(CN) - Knology Inc.'s shareholders claim in a class action that the proposed buyout of the company by WideOpenWest Finance is the "result of a tainted process."
"The proposed transaction reflects an effort by the individual defendants to aggrandize their own financial position and interests at the expense of and to the detriment of Knology's public shareholders," the complaint states.
WideOpenWest will acquire all of the outstanding shares of Knology for $19.75 per share in cash, according to the complaint, and the company is valued at approximately $1.5 billion, including debt.
Knology's own financial adviser, Merrill Lynch valued shares as high as $22.25 each. Calling the proxy statement "false and misleading," the class claims that the company also failed to disclose important information to its stockholders and that the company's financial advisors, Credit Suisse Securities and Merrill Lynch, had "a material conflict of interest" when they were working with the board on the sale.
"The proxy statement fails to provide the company's shareholders with material information and/or provides them with materially misleading information thereby rendering the shareholders unable to make an informed decision on whether to approve the proposed transaction," the complaint states.
Shareholders question why the board decided to pursue the deal when the company was experiencing its biggest revenue gains in two years.
WOW is a controlled affiliate of Avista Capital Partners, L.P. and both Merrill Lynch and Credit Suisse, according to the lawsuit, are invested in or have long term business relationships with Avista.
"Credit Suisse had an incentive to ensure that WOW purchases the Company for the lowest price possible," the complaint states. "Credit Suisse will receive approximately $28.1 million in fees for providing a portion of the debt commitment and serving as joint lead arranger in the proposed transaction ... Merrill Lynch has a substantial business relationship with Avista Capital, having provided at least five substantial services to Avista Capital . . . and earning approximately $17.1 million for such services."
The standard deal protection devices are attached to the sale including a "no solicitation" clause, a three day window to match any offer and a $25 million termination fee. There is also an amendment to the company's poison pill eliminating it as a barrier to the sale while leaving it in place as a barrier to any potential competing acquisition offer.
According to the proxy statement, "Knology's directors and executive officers have interests in the merger that are different from, or are in addition to, the interests of (its) stockholders generally."
The Delaware company is a provider of interactive communications and entertainment services to both residential and business customers in the Southeast, upper Midwest and Kansas and offers digital cable TV, local and long distance digital telephone service and high-speed Internet access.
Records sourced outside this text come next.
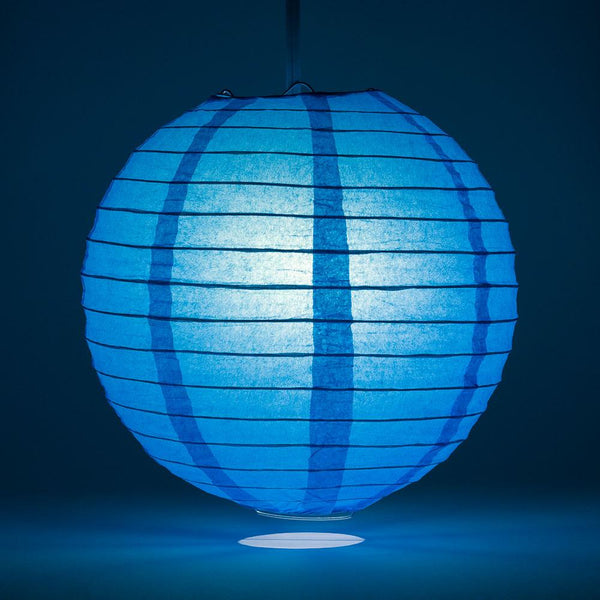5 Pack 8 Inch Turquoise Round Paper Lanterns with Even Ribbing - Chinese Hanging Decor for Wedding, Party & Home Decoration | Perfect for Asian-Themed Events, Baby Showers & Festival Celebrations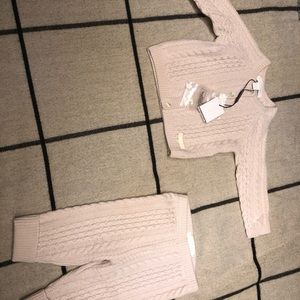 Burberry Kids Pink Cable Knit Matching Set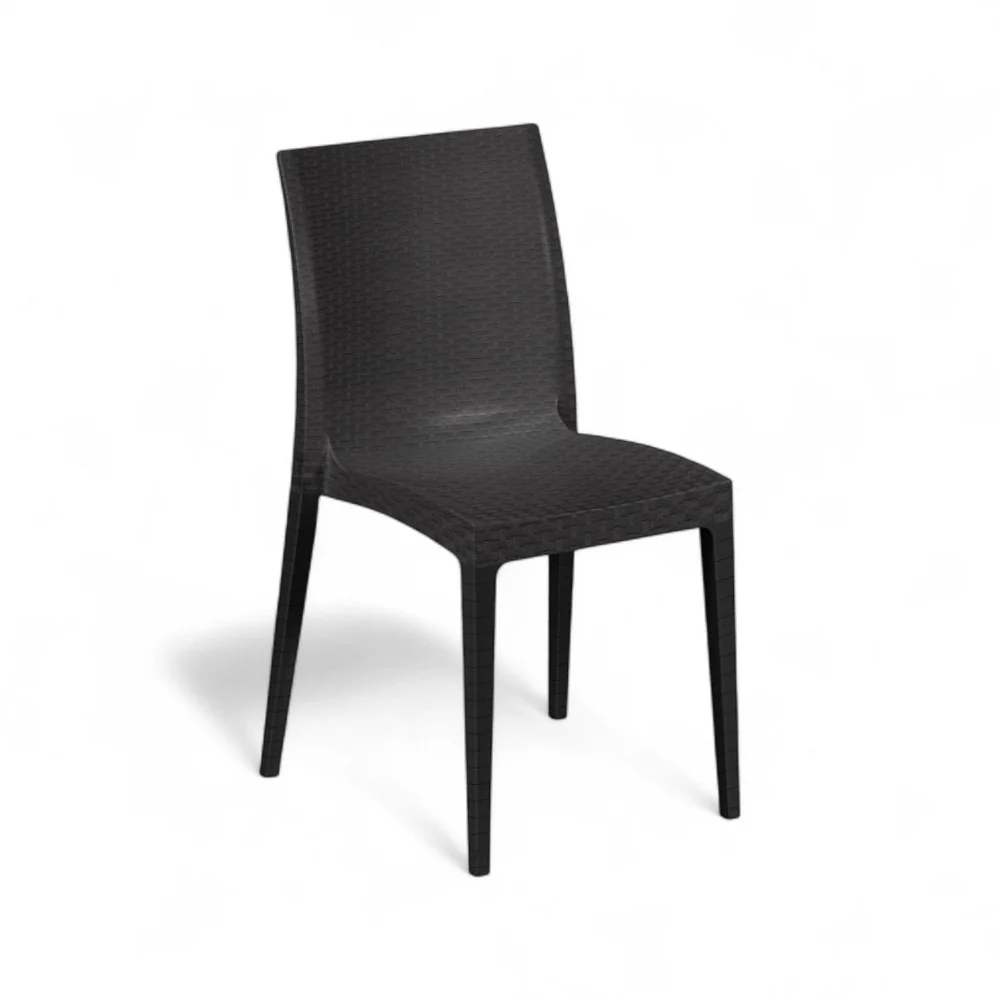 6 sedie impilabili resina effetto rattan antracite linea elegance Madam Certifié BIFMA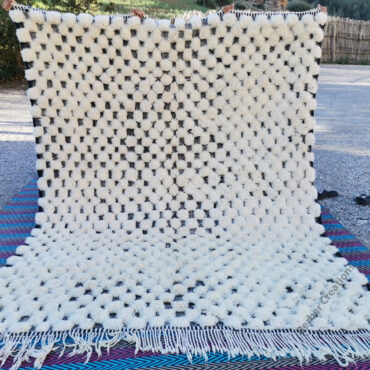 Textured Black and White Moroccan Wool Rug 7.8×9.5 Ft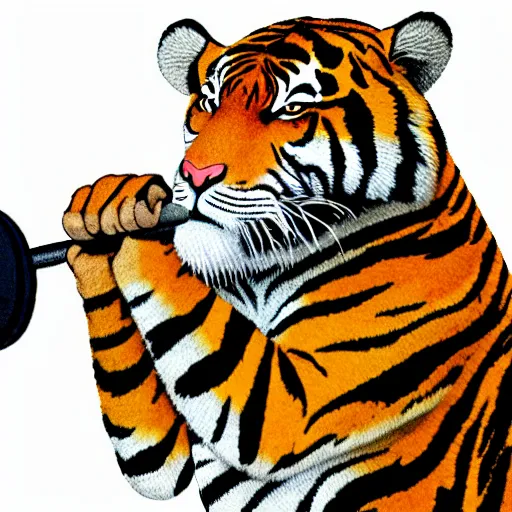 Image similar to “A cartoon of a tiger lifting weights”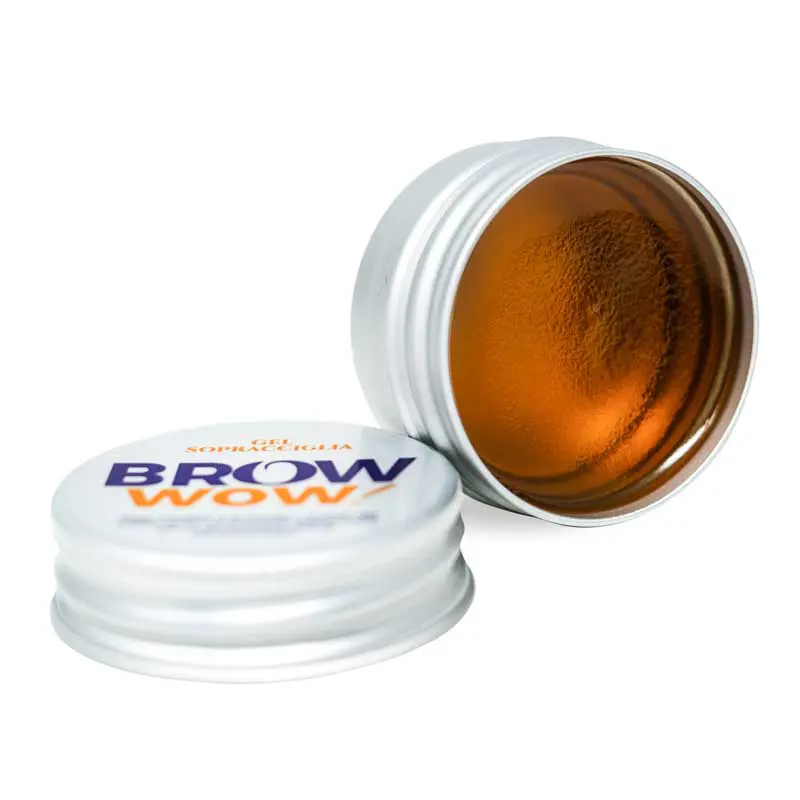Brow-wow-gel-sopracciglia-vasetto-aperto vasetto color argento alluminio rotondo basso in piedi cosmetico con tappo aperto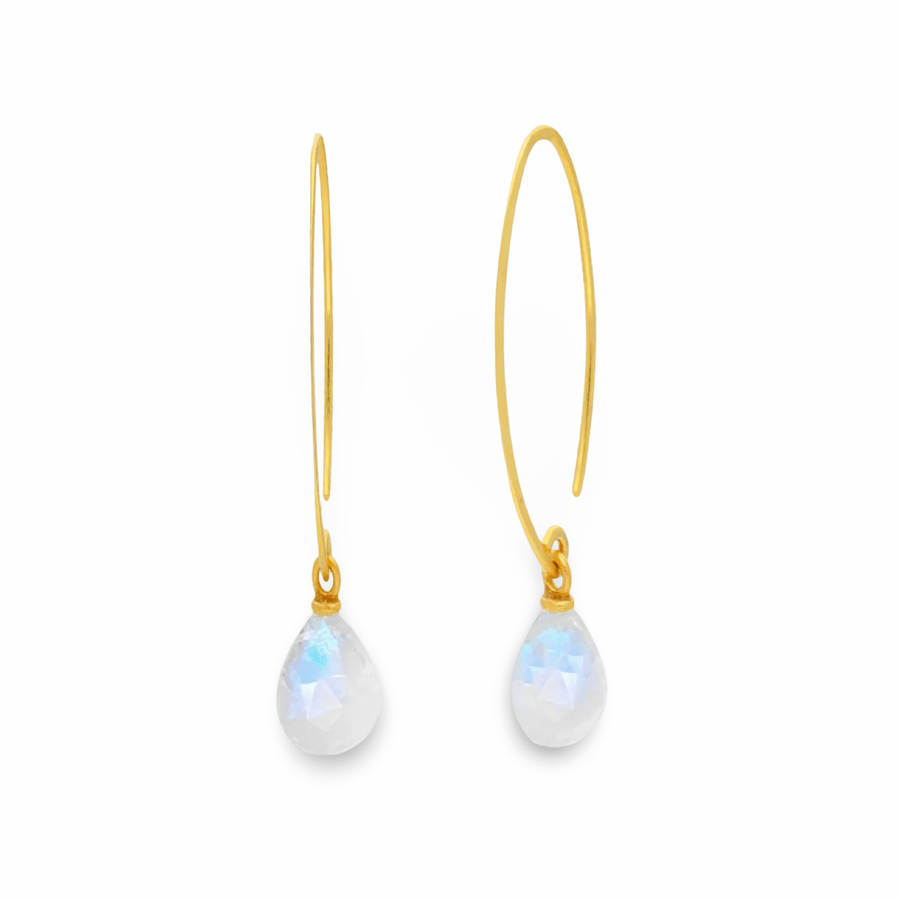 Vergoldete Tau­tropfen - Ohrringe mit Regenbogen - Mondstein - Atelier Tibet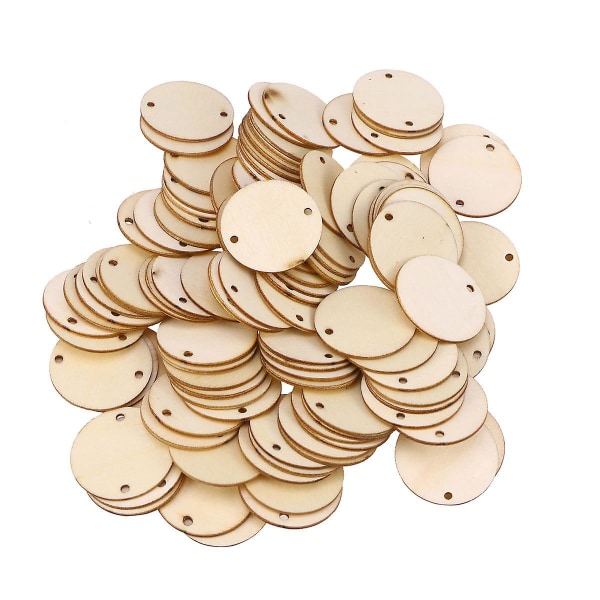 100 stk Treplater Runde 2-hulls Ubehandlet Natur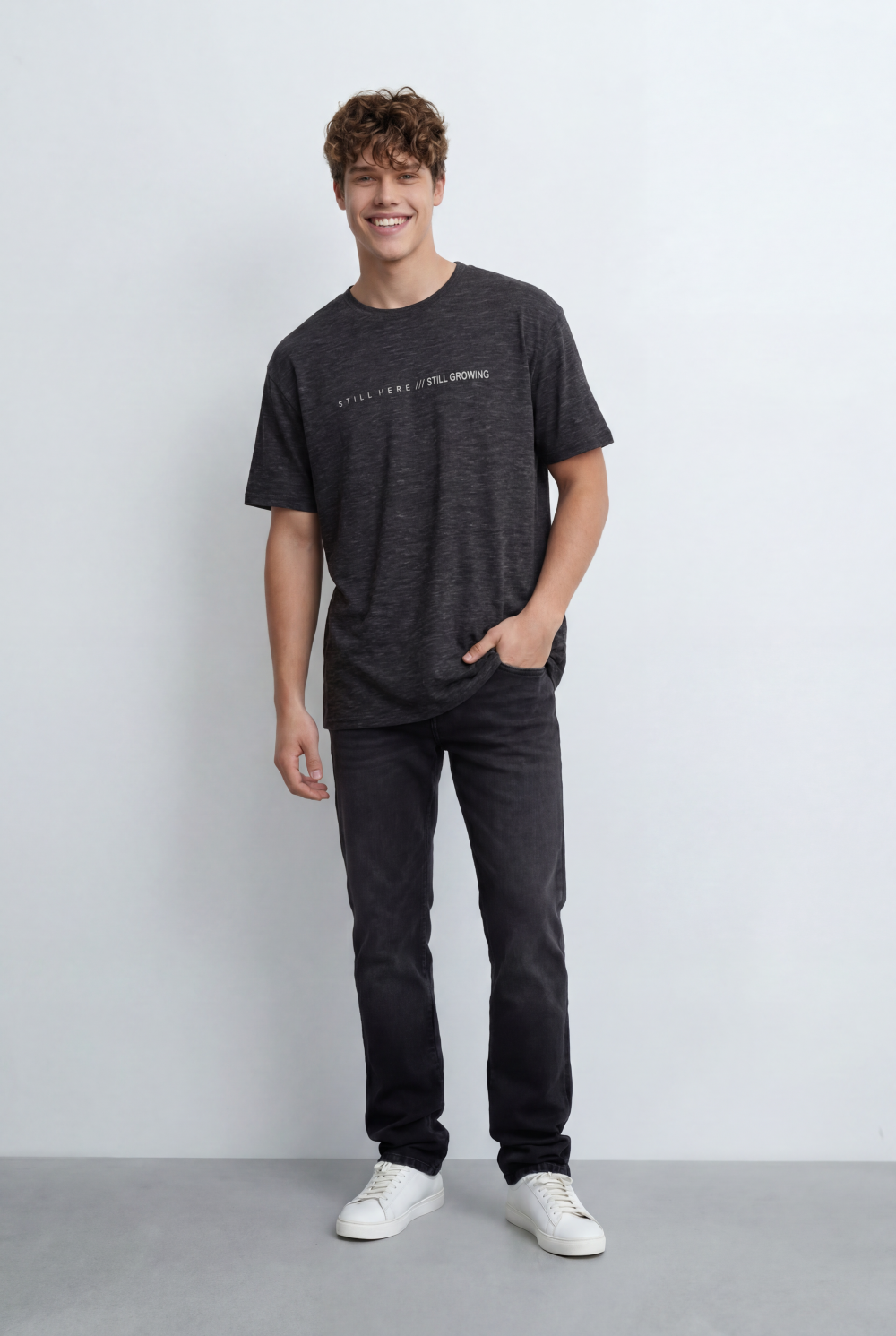 Men’s Tomato Store Slub Jersey T-Shirt With Minimal Typography Detai Relaxed Fit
Its principal offices are in Georgia.
"Our two companies have much in common. We share similar beliefs in how employees and customers should be treated, and we both know how to succeed in competitive environments," Knology Chairman and CEO Rodger L. Johnson said in a press release announcing the sale.
The complaint, filed in Delaware Chancery Court names Johnson as well as the rest of the board members as well as WOW.
Shareholders are represented by Seth D. Rigrodsky, Brian D. Long and Gina M. Serra of Rigrodsky & Long in Wilmington, Del. and Shannon L. Hopkins and Allen Schwartz of Levi & Korinsky LLP in New York.